= WHAT YOU HAVE TO DO =
Each line below must be set down exactly; omit any image you find.

= DATA EXCERPTS =
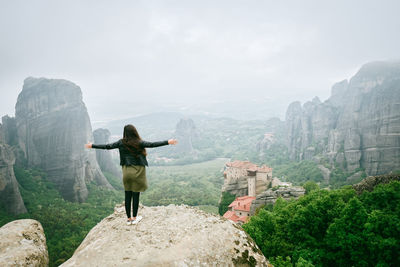 Rear view of woman standing on rocky mountain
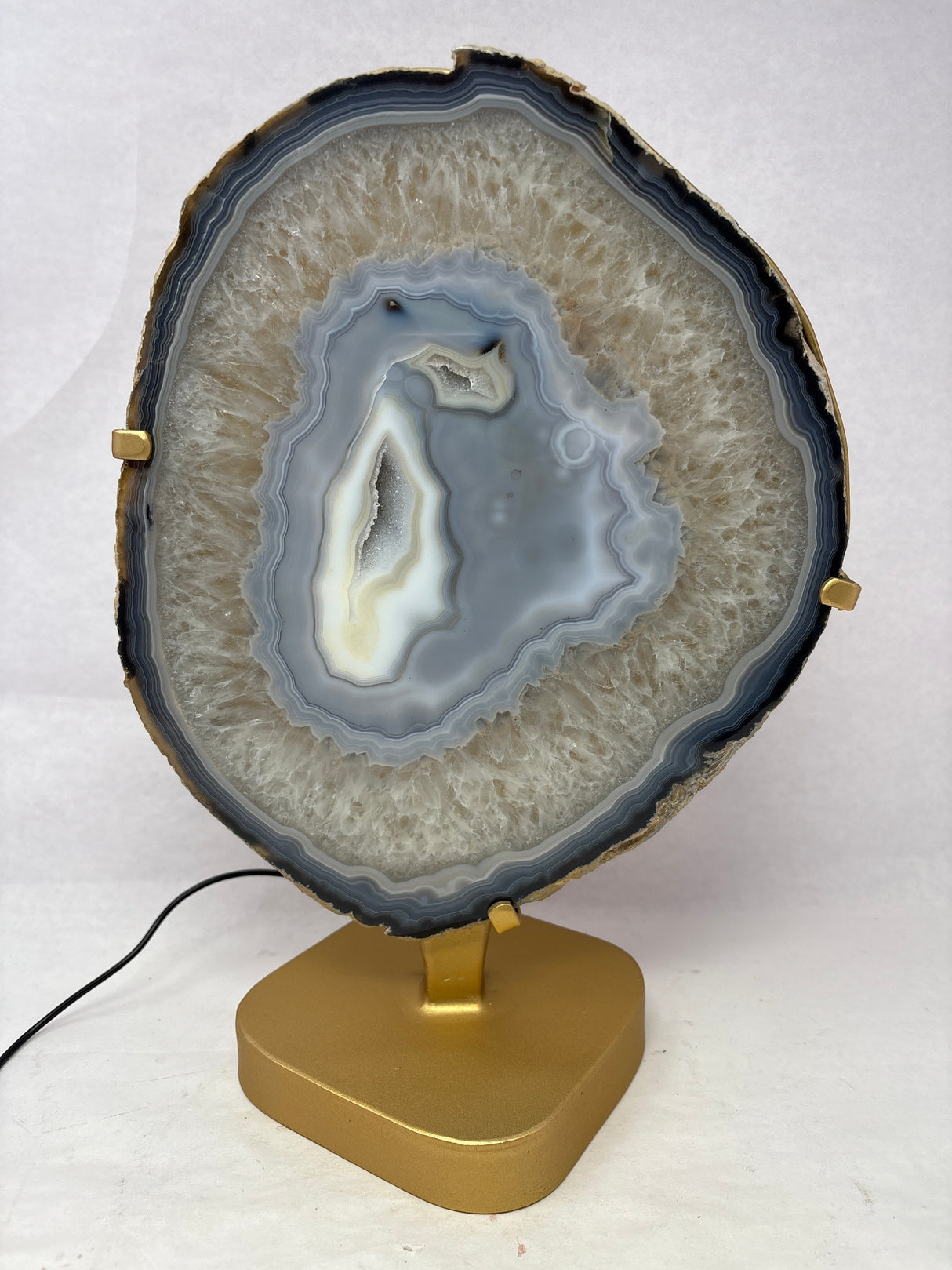 Blue Agate Druze Slice with Blue & Cream Center On Illuminated Table Stand - Gold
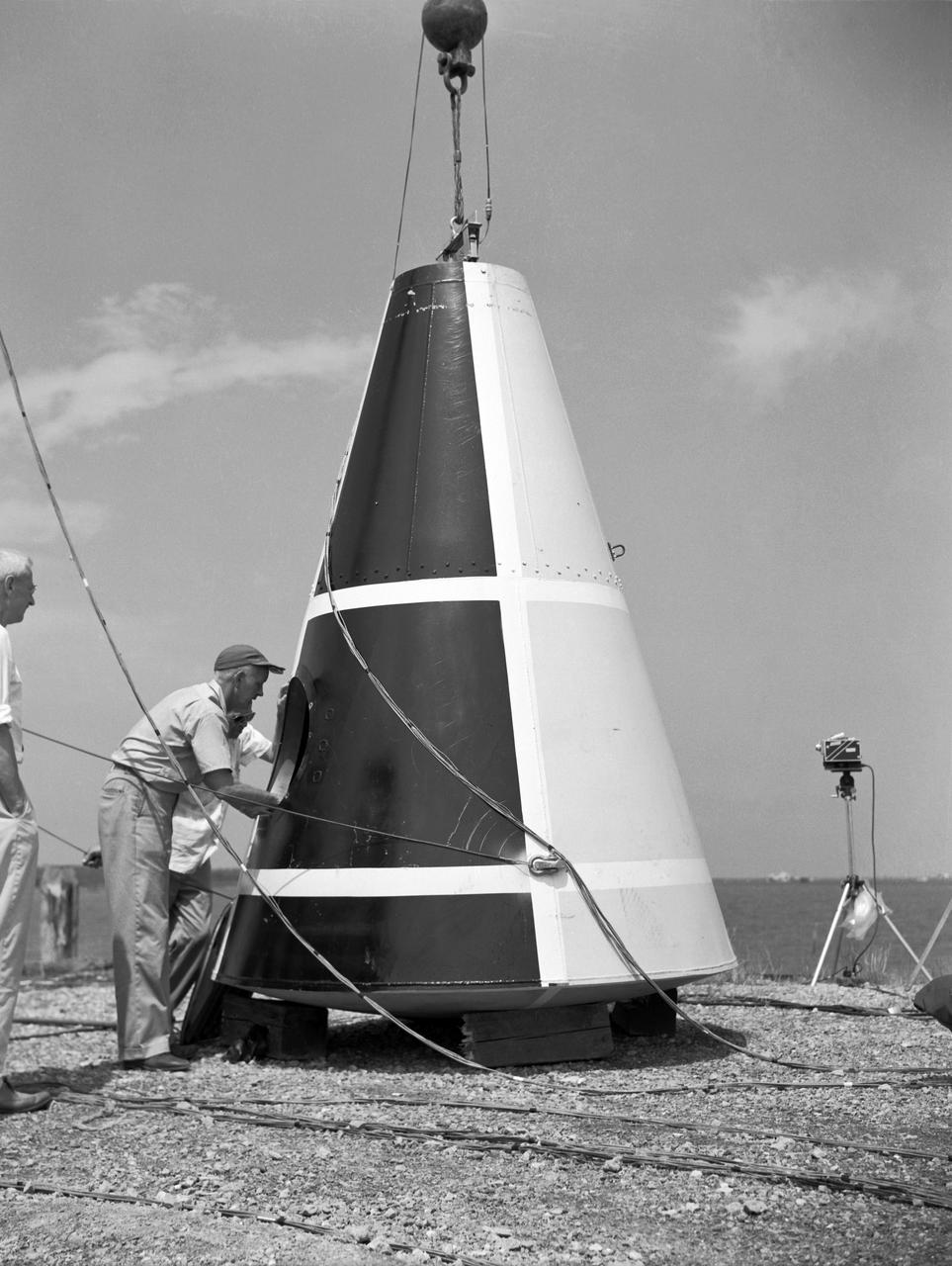  Photographed on: 08 05 1958. -- Impact test conducted by Langley's Hydrodynamics Division. The Division conducted a series of impact studies with full scale and model capsules of the original capsule shape A. Joseph Shortal wrote (Vol. 3, p. 16):  The basic design of the capsule was made by M.A. Faget and his coworkers at PARD during the winter of 1957-1958. It was natural, then, that extensive use was made of the facilities at Wallops during the development of the spacecraft. The tests at Wallops consisted of 26 full-size capsules, either launched from the ground by rocket power or dropped from airplanes at high altitude and 28 scaled models, either rocket boosted or released from balloons. Emphasis in the Wallops program was on dynamic stability and aerodynamic heating of the capsule, and effectiveness of the pilot-escape and parachute-recovery systems. The biggest part of the Wallops program was the series of full-size capsules, rocket launched with the Little Joe booster, developed especially for Mercury.  -- Published in Joseph A. Shortal, History of Wallops Station: Origins and Activities Through 1949, (Wallops Island, VA: National Aeronautics and Space Administration, Wallops Station, nd), Comment Edition.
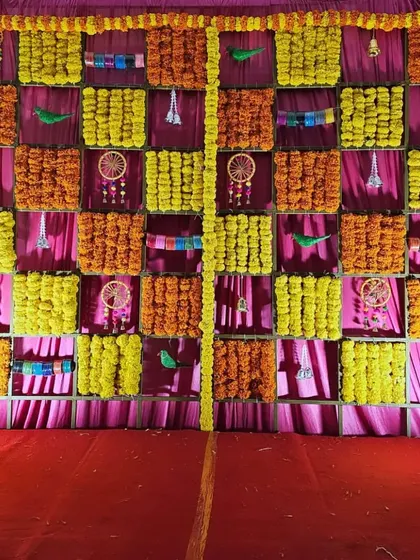 A colorful and traditional baby shower backdrop, featuring a grid of marigolds, pink drapes, and decorative elements like dreamcatchers and parrots.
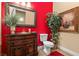 Stylish bathroom with custom vanity, decorative mirror, and ample natural light at 670 Du Fort Ave, Henderson, NV 89002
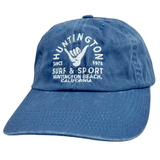 blue dad hat with white script and image of the shaka sign on white background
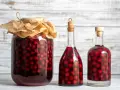Ein großes Glas und zwei Flaschen gefüllt mit Kirschen und Alkohol. Perfekt für ein schnaps selber machen rezept.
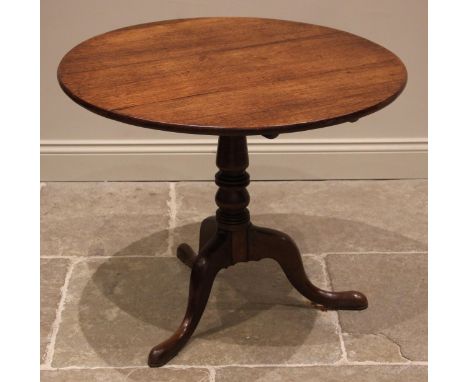 A George III oak tripod table, the circular tilt top upon a turned and tapering column extending to three cabriole down swept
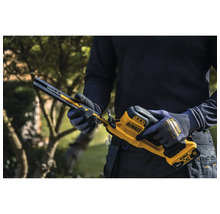 Person hält eine DeWalt 18 Volt Akku-Bandsäge mit Arbeitshandschuhen in einem Garten.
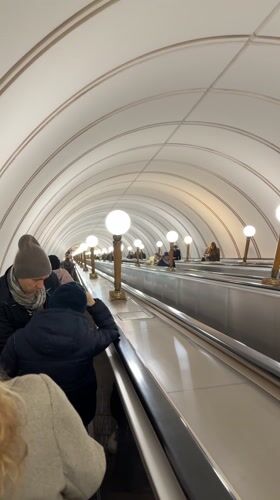 Morning commute captured at ornate Moscow metro station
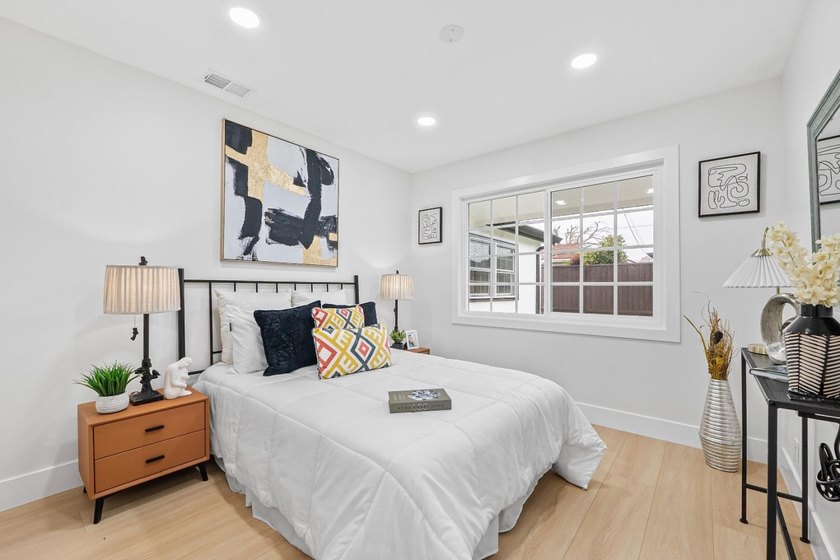 Welcome to this charming 4-bedroom, 2-bathroom home located in - photo 9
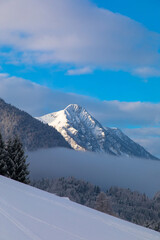 Fototapeta premium Sunny winter landscape with snowy alpine peaks and snowy nature. Dachstein Glacier, Styria, Austria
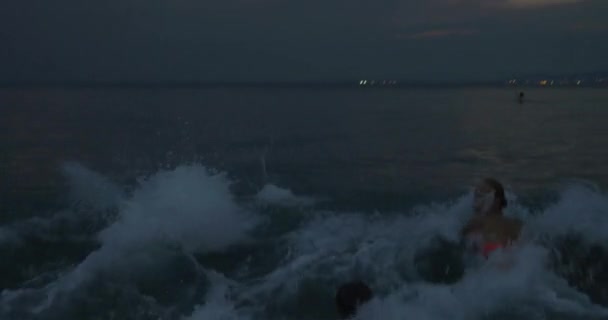 Familie mit Kind badet in der Dämmerung im Meer — Stockvideo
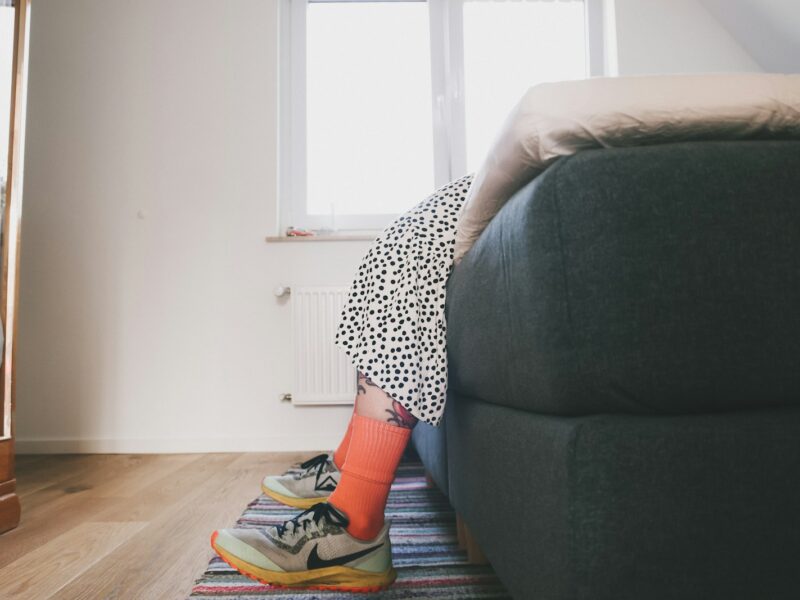 Hardloopschoenen en sportkleding klaargelegd naast een bed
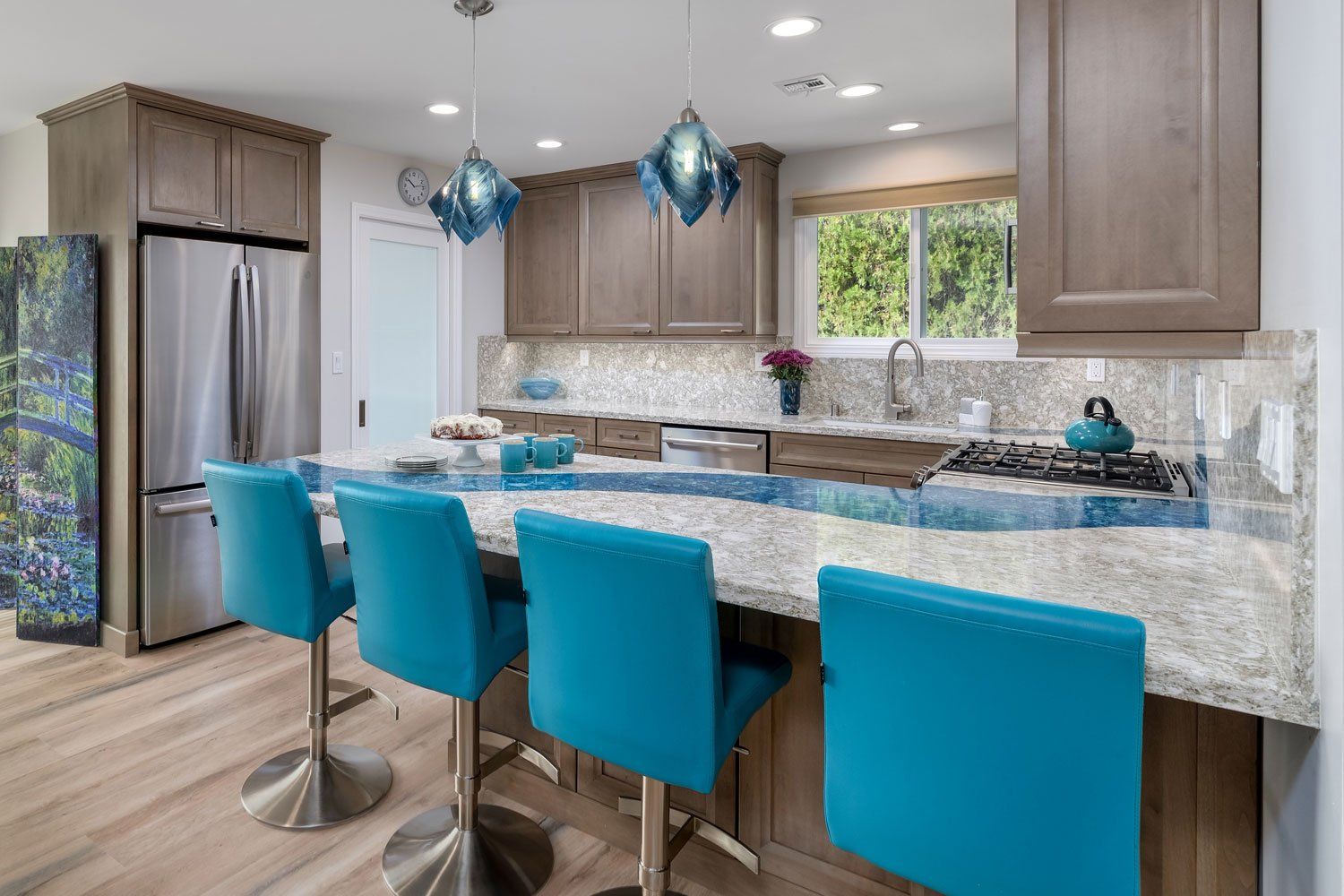 A kitchen with a long island and blue chairs.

= FINISHED EXERCISE =
 Rear view of woman standing on rocky mountain
 Blue Agate Druze Slice with Blue & Cream Center On Illuminated Table Stand - Gold
  Photographed on: 08 05 1958. -- Impact test conducted by Langley's Hydrodynamics Division. The Division conducted a series of impact studies with full scale and model capsules of the original capsule shape A. Joseph Shortal wrote (Vol. 3, p. 16):  The basic design of the capsule was made by M.A. Faget and his coworkers at PARD during the winter of 1957-1958. It was natural, then, that extensive use was made of the facilities at Wallops during the development of the spacecraft. The tests at Wallops consisted of 26 full-size capsules, either launched from the ground by rocket power or dropped from airplanes at high altitude and 28 scaled models, either rocket boosted or released from balloons. Emphasis in the Wallops program was on dynamic stability and aerodynamic heating of the capsule, and effectiveness of the pilot-escape and parachute-recovery systems. The biggest part of the Wallops program was the series of full-size capsules, rocket launched with the Little Joe booster, developed especially for Mercury.  -- Published in Joseph A. Shortal, History of Wallops Station: Origins and Activities Through 1949, (Wallops Island, VA: National Aeronautics and Space Administration, Wallops Station, nd), Comment Edition.
 A colorful and traditional baby shower backdrop, featuring a grid of marigolds, pink drapes, and decorative elements like dreamcatchers and parrots.
 Stylish bathroom with custom vanity, decorative mirror, and ample natural light at 670 Du Fort Ave, Henderson, NV 89002
 blue dad hat with white script and image of the shaka sign on white background
Ein großes Glas und zwei Flaschen gefüllt mit Kirschen und Alkohol. Perfekt für ein schnaps selber machen rezept.
 A George III oak tripod table, the circular tilt top upon a turned and tapering column extending to three cabriole down swept
 Person hält eine DeWalt 18 Volt Akku-Bandsäge mit Arbeitshandschuhen in einem Garten.
 Morning commute captured at ornate Moscow metro station
 Welcome to this charming 4-bedroom, 2-bathroom home located in - photo 9
 Fototapeta premium Sunny winter landscape with snowy alpine peaks and snowy nature. Dachstein Glacier, Styria, Austria
 Familie mit Kind badet in der Dämmerung im Meer — Stockvideo
 Hardloopschoenen en sportkleding klaargelegd naast een bed
 A kitchen with a long island and blue chairs.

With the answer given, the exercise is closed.